→ **WORK ITEM**: Nothing but the pictures may be left out. Restate the rest of the entries word for word.

[Dataset entries]
------------------------------------------------------------
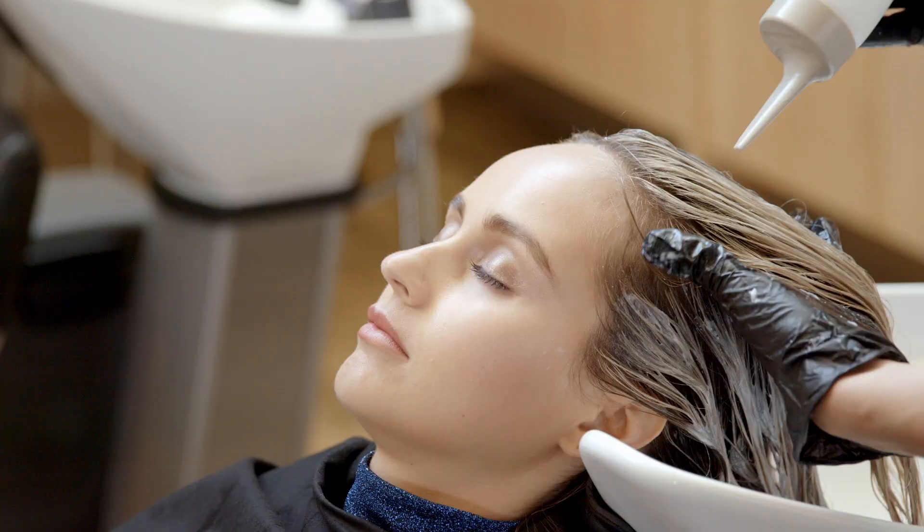PHD can be used for a wide variety of services, from refining tone-on-tone to darker colorations and also grey blending.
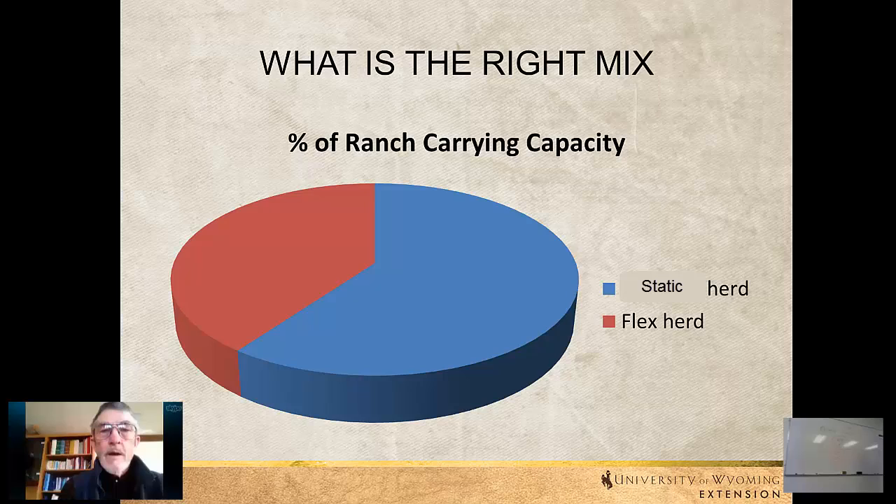Another option is to look at dry cows. Some folks do that and it seems to work out okay. In a drought situation, there's also the option of early weaning and some of these kinds of things that can cut down on the forage requirements.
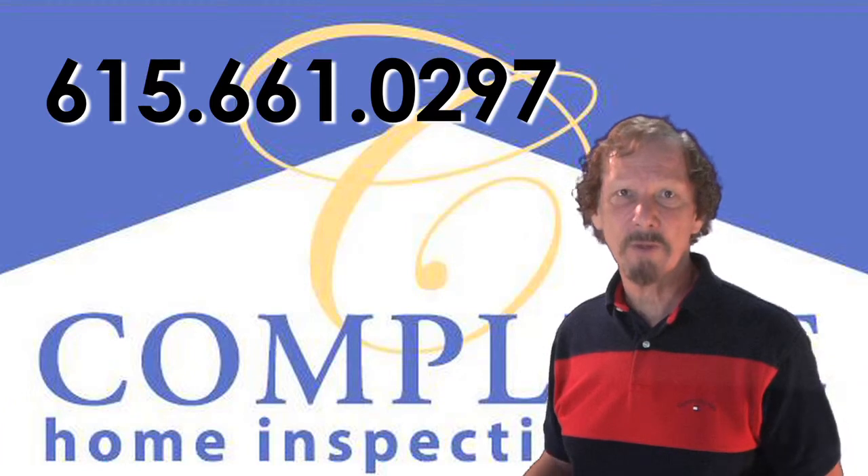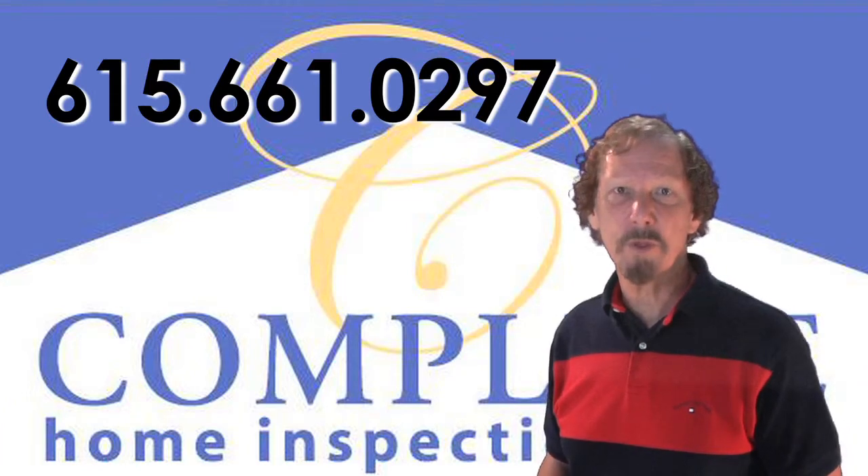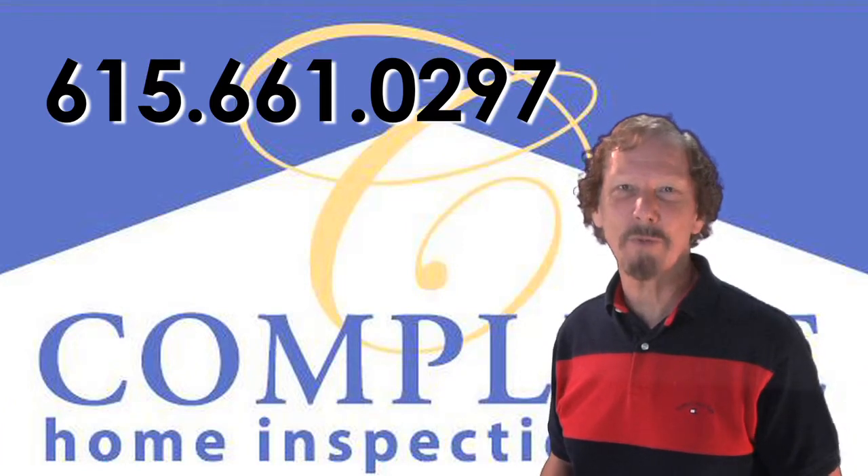It is always in your best interest, though, to consult with a professional in the appropriate trade to implement industry-approved repairs.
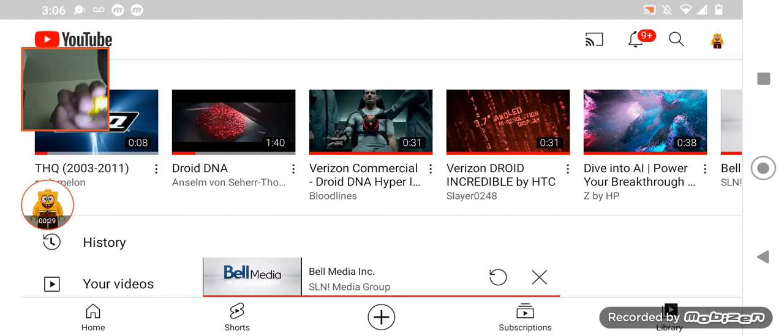Hey everyone, Michael Spongebob here. And welcome to Season 2, Episode 1 of Spongebob Reacts. My name is Michael Spongebob. Shout out to Momin' Zane for having me here. And today we're going to be reacting to Droid DNA.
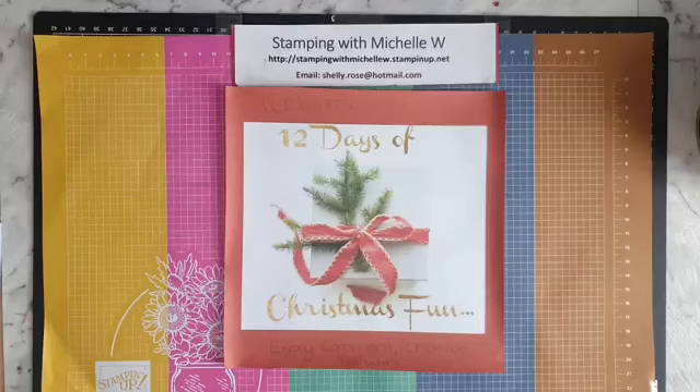Hello and welcome to my craft room. My name is Michelle Wells, I'm a Stamping Up demonstrator from Tasmania, Australia. Welcome to another project for 12 Days of Christmas Fun. I'm a bit excited that I'm getting closer to my favorite project — not today, but I'll be doing it on Thursday, which will be my last day.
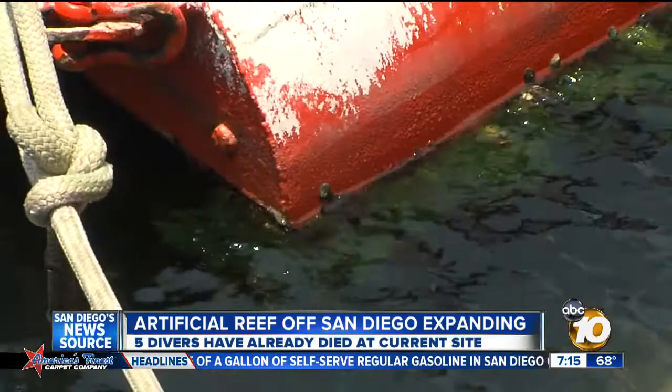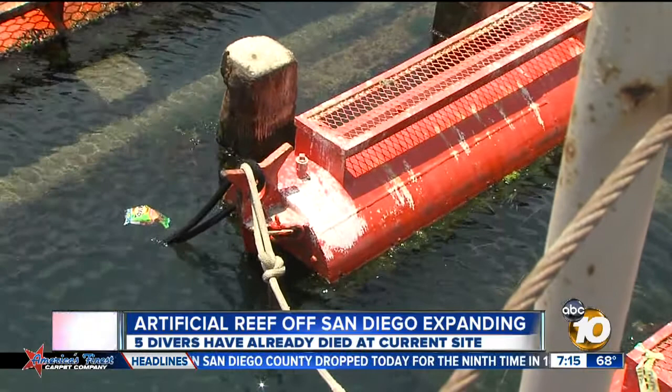The sub-separators are 12 feet wide, approximately 15 to 20 feet high, and 60 feet long. When they go down, they're expected to land on their side and become an external habitat.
------------------------------------------------------------
→ **ANSWER TO THIS TASK**:
PHD can be used for a wide variety of services, from refining tone-on-tone to darker colorations and also grey blending.
Another option is to look at dry cows. Some folks do that and it seems to work out okay. In a drought situation, there's also the option of early weaning and some of these kinds of things that can cut down on the forage requirements.
It is always in your best interest, though, to consult with a professional in the appropriate trade to implement industry-approved repairs.
Hey everyone, Michael Spongebob here. And welcome to Season 2, Episode 1 of Spongebob Reacts. My name is Michael Spongebob. Shout out to Momin' Zane for having me here. And today we're going to be reacting to Droid DNA.
Hello and welcome to my craft room. My name is Michelle Wells, I'm a Stamping Up demonstrator from Tasmania, Australia. Welcome to another project for 12 Days of Christmas Fun. I'm a bit excited that I'm getting closer to my favorite project — not today, but I'll be doing it on Thursday, which will be my last day.
The sub-separators are 12 feet wide, approximately 15 to 20 feet high, and 60 feet long. When they go down, they're expected to land on their side and become an external habitat.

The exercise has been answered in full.